# Problem:
Below are some records. Print exactly the lines between the one holding "Silve Metal Cuff" and the one holding "1117 Cross Creek Dr, Uniontown, PA 15401", inclusive, and nothing else.

Stored records
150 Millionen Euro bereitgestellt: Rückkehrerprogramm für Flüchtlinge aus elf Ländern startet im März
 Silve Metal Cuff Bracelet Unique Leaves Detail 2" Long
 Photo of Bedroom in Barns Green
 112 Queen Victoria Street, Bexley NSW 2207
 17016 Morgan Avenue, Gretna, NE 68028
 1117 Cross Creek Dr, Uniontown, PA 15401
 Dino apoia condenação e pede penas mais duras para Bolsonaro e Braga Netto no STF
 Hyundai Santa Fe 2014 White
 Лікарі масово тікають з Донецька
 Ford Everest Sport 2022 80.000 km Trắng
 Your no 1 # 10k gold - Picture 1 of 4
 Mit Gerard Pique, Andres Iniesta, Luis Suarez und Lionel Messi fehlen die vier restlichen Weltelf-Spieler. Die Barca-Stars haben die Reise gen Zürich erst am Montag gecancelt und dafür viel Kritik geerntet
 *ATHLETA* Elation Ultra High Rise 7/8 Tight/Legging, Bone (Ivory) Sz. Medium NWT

# Result:
 Silve Metal Cuff Bracelet Unique Leaves Detail 2" Long
 Photo of Bedroom in Barns Green
 112 Queen Victoria Street, Bexley NSW 2207
 17016 Morgan Avenue, Gretna, NE 68028
 1117 Cross Creek Dr, Uniontown, PA 15401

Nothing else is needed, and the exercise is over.